Beginning at the line that contains "Dia Sift A Precursor", output each line exactly through the end of the records, and drop any pictures.

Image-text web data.
Content starts
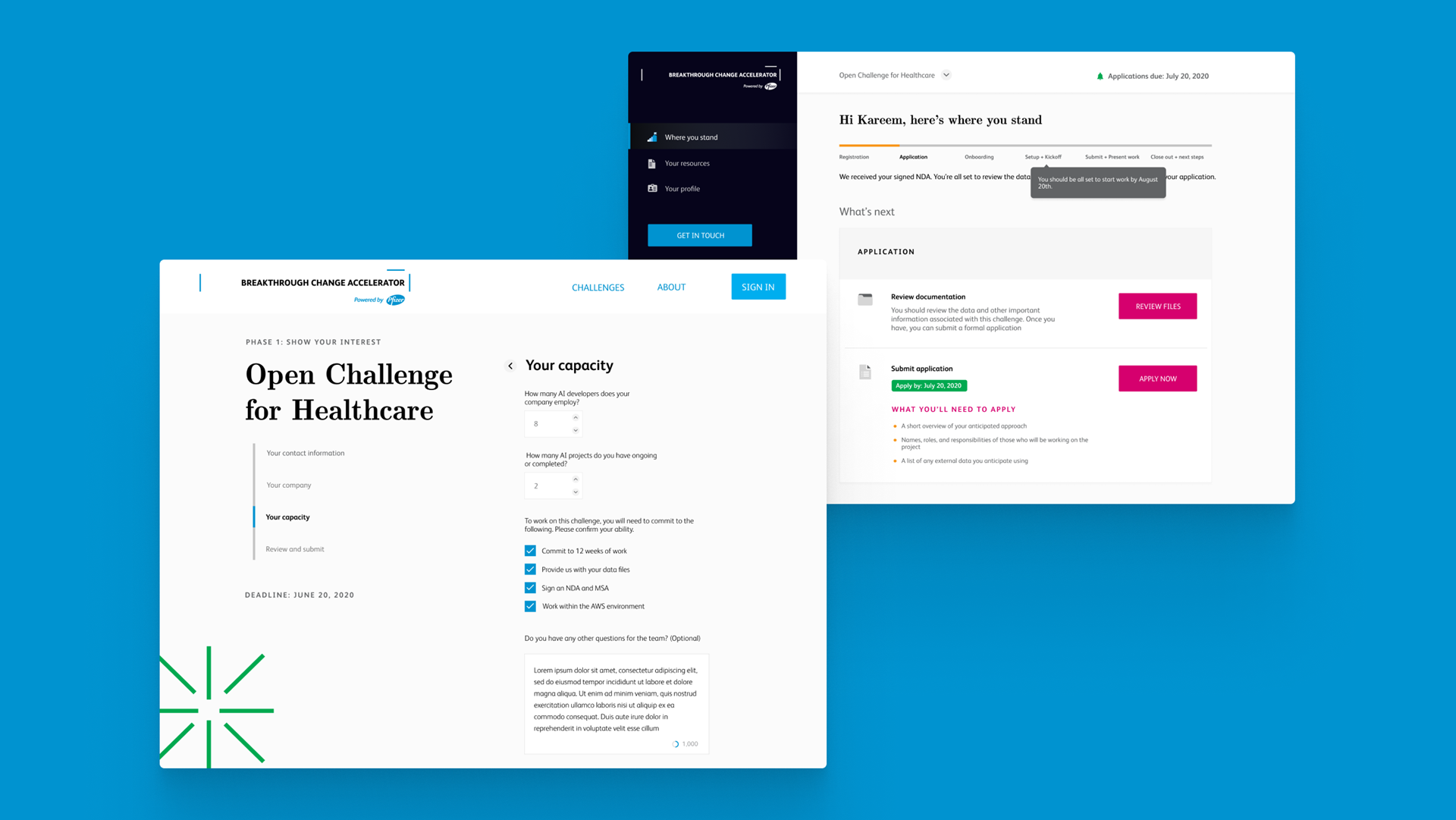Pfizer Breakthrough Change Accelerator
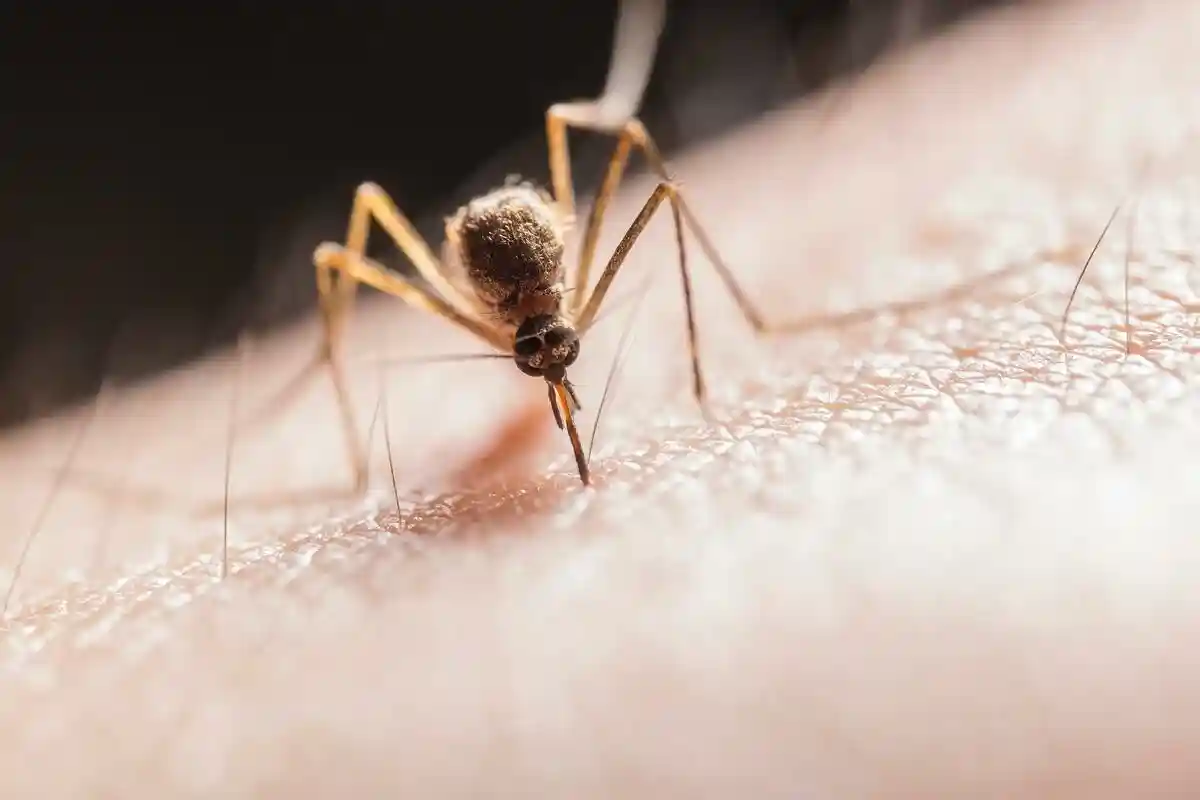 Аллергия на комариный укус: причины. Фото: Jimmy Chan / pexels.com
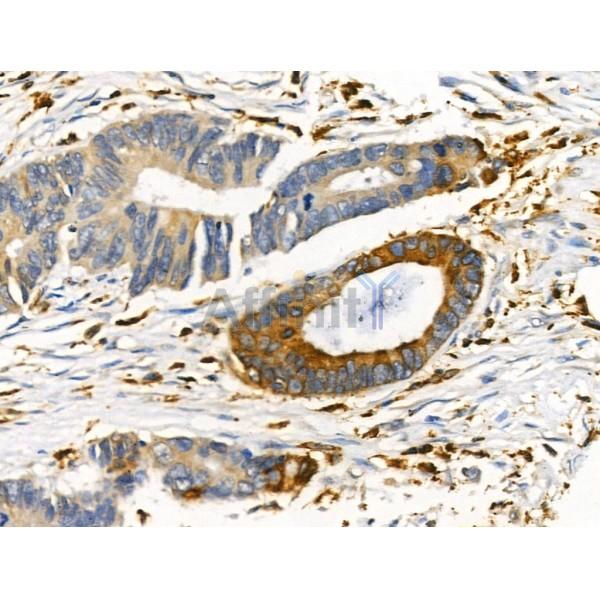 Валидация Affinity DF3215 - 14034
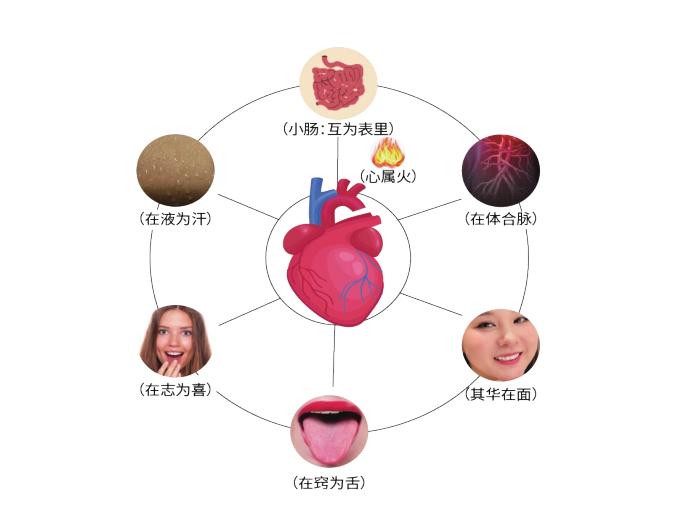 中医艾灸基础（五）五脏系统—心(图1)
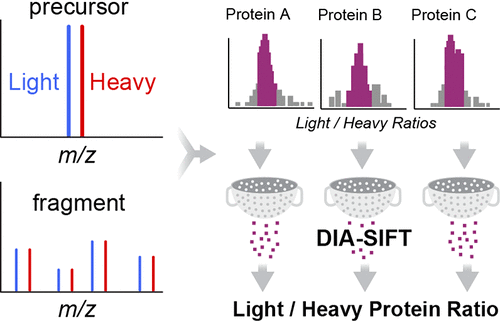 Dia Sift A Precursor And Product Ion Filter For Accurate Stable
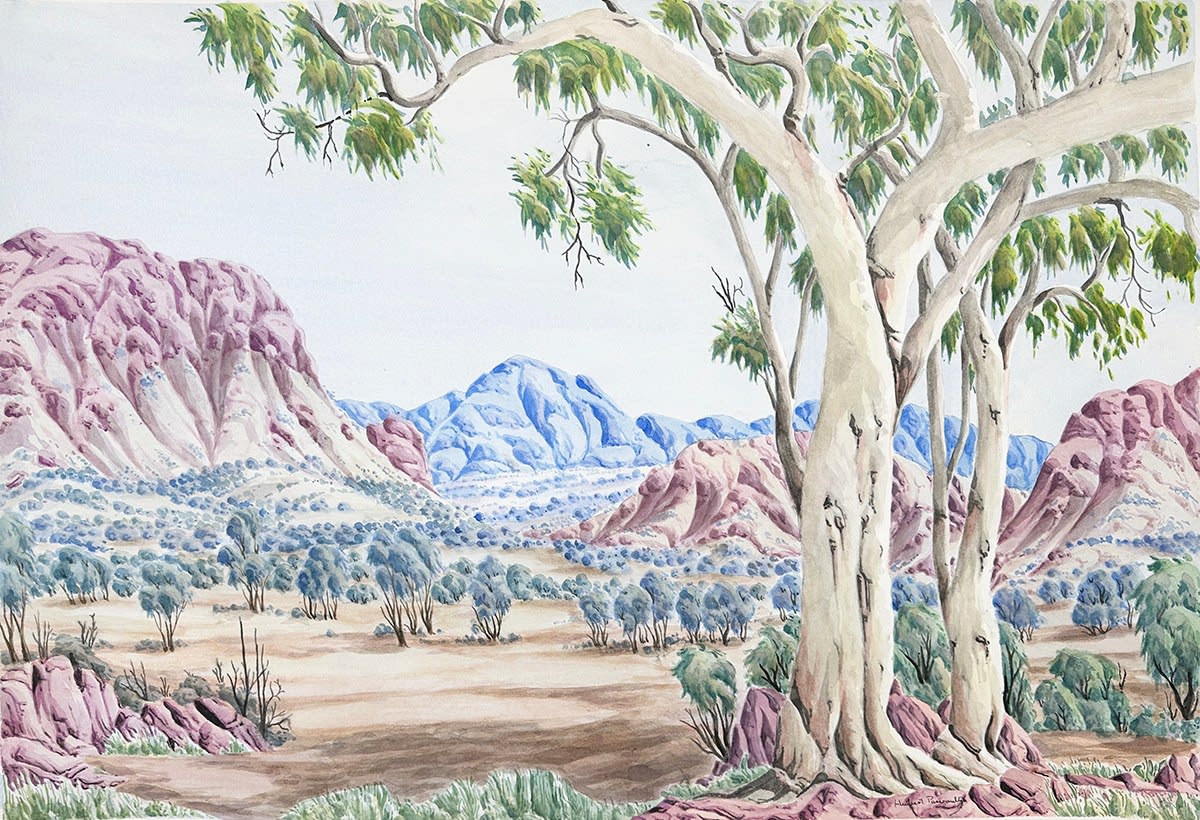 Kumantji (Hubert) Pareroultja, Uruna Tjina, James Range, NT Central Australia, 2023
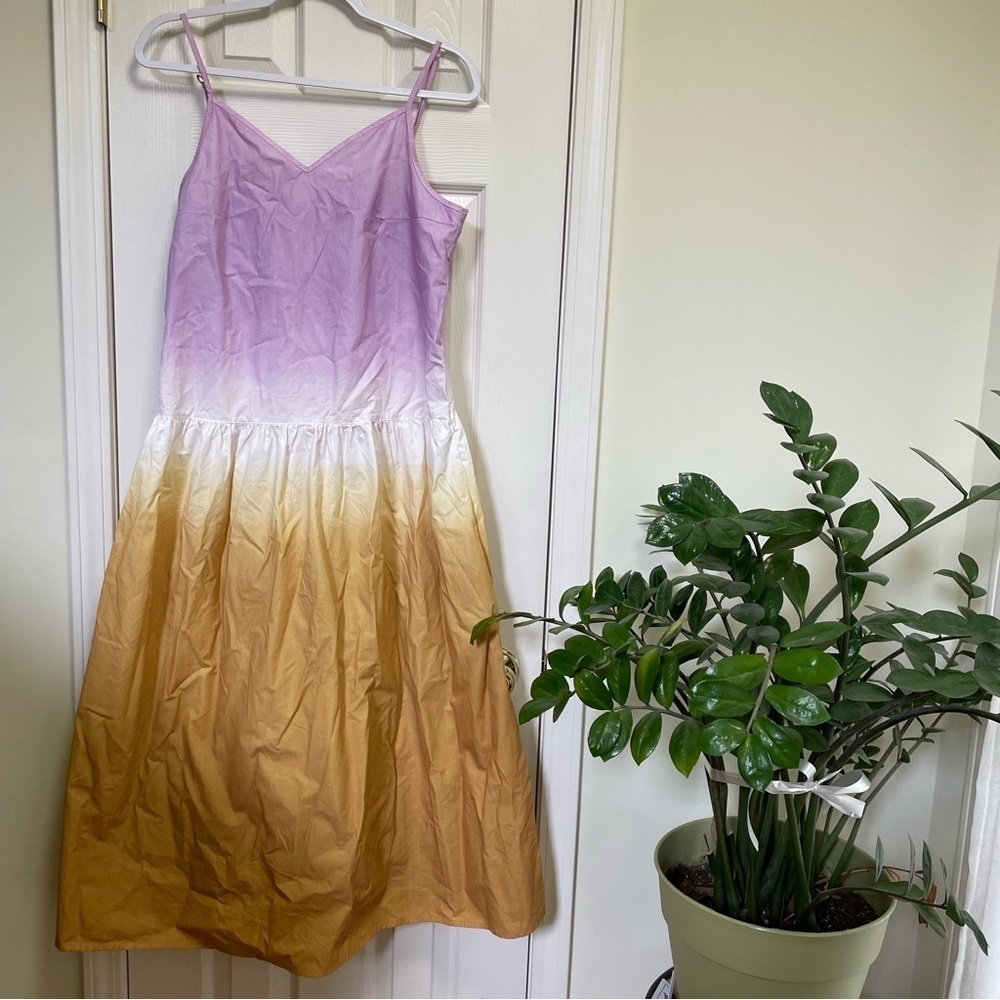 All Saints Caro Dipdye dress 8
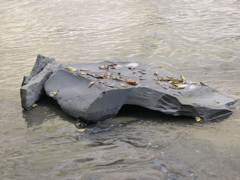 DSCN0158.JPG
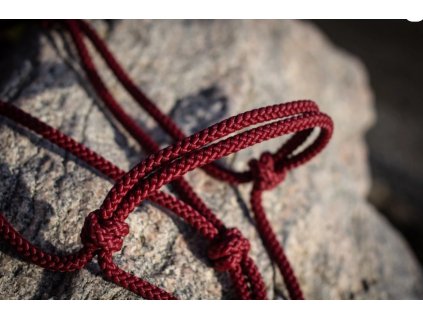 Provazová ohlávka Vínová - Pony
Content ends
Output for this task.
 Dia Sift A Precursor And Product Ion Filter For Accurate Stable
 Kumantji (Hubert) Pareroultja, Uruna Tjina, James Range, NT Central Australia, 2023
 All Saints Caro Dipdye dress 8
 DSCN0158.JPG
 Provazová ohlávka Vínová - Pony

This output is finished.